I have to admit, I rarely drink. But when I do I generally purchase from Dan Murphys possibly as a member special and using Cashrewards to purchase a gift card with 5% off I love ordering online and picking up in store although they need an option to select a chilled item. I think if you are a wine drinker, then perhaps a wine club is more of a saving. I tend not to keep alcohol at home because someone will end up drinking it sooner rather than later. It’s extremely rare for me to drink beer and I actually bought one at the local pub recently and got quite the shock at the price. It’s no wonder people are purchasing at the local liquor outlet rather than a venue. I do need to mention Dindima Wines who now make wine on the property I grew up on for most of my childhood.

Bargains to watch this week:

A tip first, if any of these specials are not in stock, ask for a raincheck and you will likely get at the advertised price when the product is in stock next time you are in store.

Coles: Red Island Extra Virgin Olive Oil 500mL1/2 PRICE $4, Freedom Foods XO Crunch 285g 1/2 PRICE $2, Kleenex Double Length Toilet Tissue 12 Pack $10, Save $2.00 

Woolworths: Mainland Buttersoft 375g $5.00 each Save $1.70 

Live from the Central Coast sort of…

This week I’m typing this blog entry up from the Central Coast of NSW, Terrigal to be more precise. It’s an area I don’t know too much about apart from having family here that I’m catching up with. I’ve been trying to catchup with old friends here and in Sydney for this trip, but people live very busy lives. I found where Star 104.5 studios are located but Shayne Sinclair is in Sydney for the week and in Brisbane for the Commercial Radio Awards. The Community Broadcasting Association awards aren’t too far away either. You have to nominated to be considered for a finalist position. The awards remind us of the passion we put in to make great media, I wish all finalists good luck in their chosen categories.

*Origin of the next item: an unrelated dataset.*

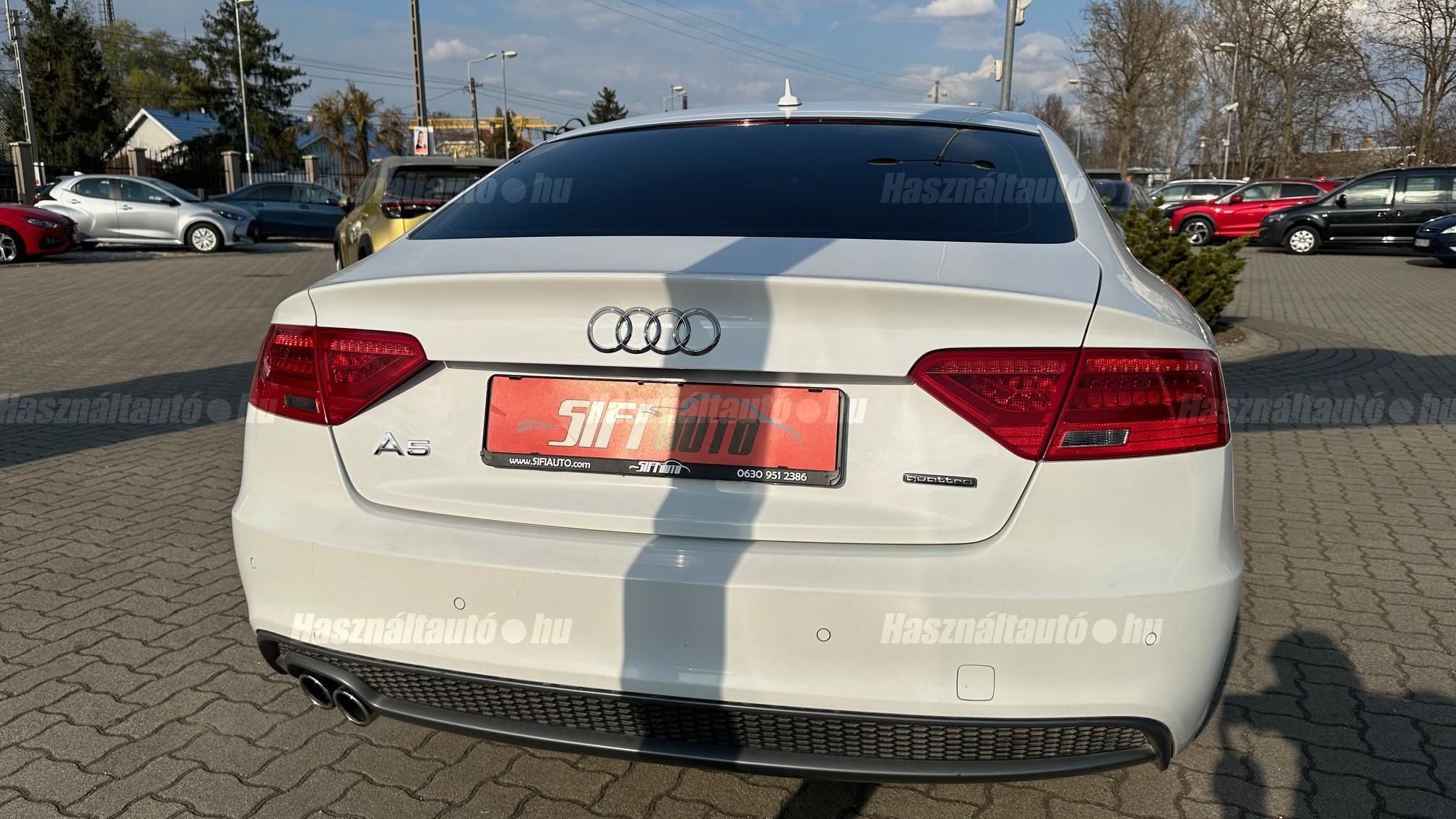 AUDI A5 Sportback 3.0 V6 TDI quattro S-tronic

I’ve also returned to the airwaves at FM107.5 after being asked to pull a shift here and there. Technology is a wonderful tool when it works correctly, and we try to improve on it as time goes by. I’ve been asked by a few people to do some paid work for voiceovers and that will come to fruition soon.

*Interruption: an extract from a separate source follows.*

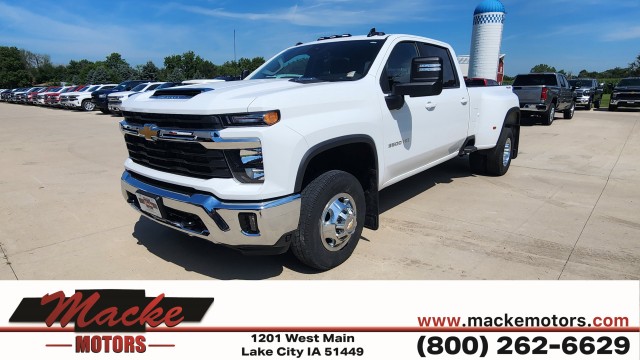 2024 Chevrolet Silverado 3500 HD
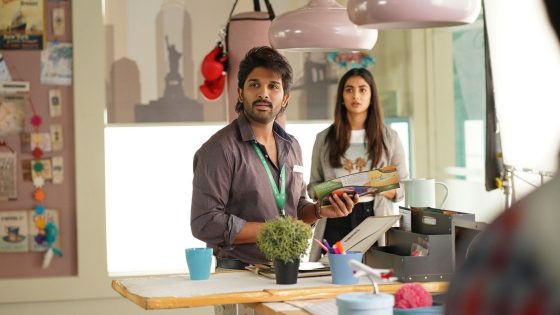 فيلم Ala Vaikunthapurramuloo 2020 مترجم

Consumer Habits – Groceries

This is obviously a big expenditure in most peoples’ eyes and I must say it’s something I’ve altered significantly in the last few years. I purchase my meat through a local butcher and the same with fruit and vegetables. I find this gets me better quality, less processed and prices are much better. I feel so sorry for people who are stuck buying these items at a supermarket. Having said that, Supermarket wise I only buy minimal items such as Milk and whatever I find on special or need. I spend minimal time in supermarkets now as I just stick to my list and get out. But there is one major difference I’ve been doing in the last year, if I am purchasing from Woolworths and I know from researching online that my spend will be over $30 then I use the pickup service and regardless of spend at either Coles or Woolworths I now use gift cards which save me between 4-5%. I mean why wouldn’t you if you can shave a bit off, I use Cashrewards which gives me 5% off Woolworths and 4% off either using Suncorp Rewards, which is handy because you can do it at the self-checkout on your phone if need be. I’m a member of Flybuys, Woolworths Rewards and IGA Rewards, there is little benefit, but they do help you track specials on things you have purchased in your history.

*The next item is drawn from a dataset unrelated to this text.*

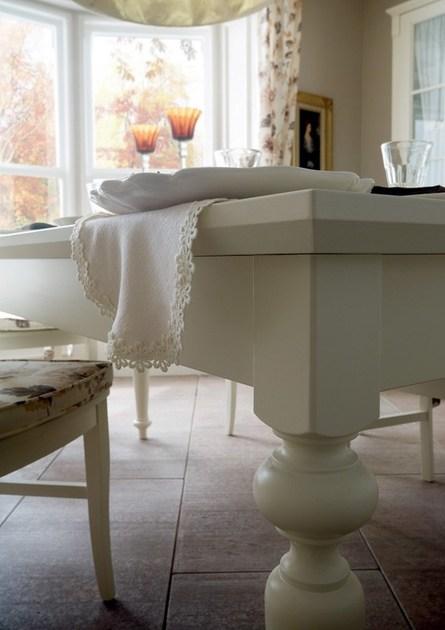 Callesella Arredamenti Прямоугольный деревянный стол для гостиной Every day sun-id-1451576 - Вид №4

Bargains to watch this week:

Woolworths Exclusive – Darrel Lea chocolate bars $2.50 (half price)

Personal Reflection

I’ve been spending time recharging my batteries, swimming in the morning doing about 9 laps of a 25-metre pool in the space of 30 minutes with an occasional gym session in the afternoon. I’ve cut back on processed food including sugar and finding a sense of calmness. Sundays I find myself reading books about being frugal, side hustles and how to find the work you desire. My preferred working environment with an employer is to do something that at the end of the day it doesn’t spill over into my personal life or the next working day. I intend to keep up this blog as an experimental ground, who is reading this and what do they find beneficial I wonder?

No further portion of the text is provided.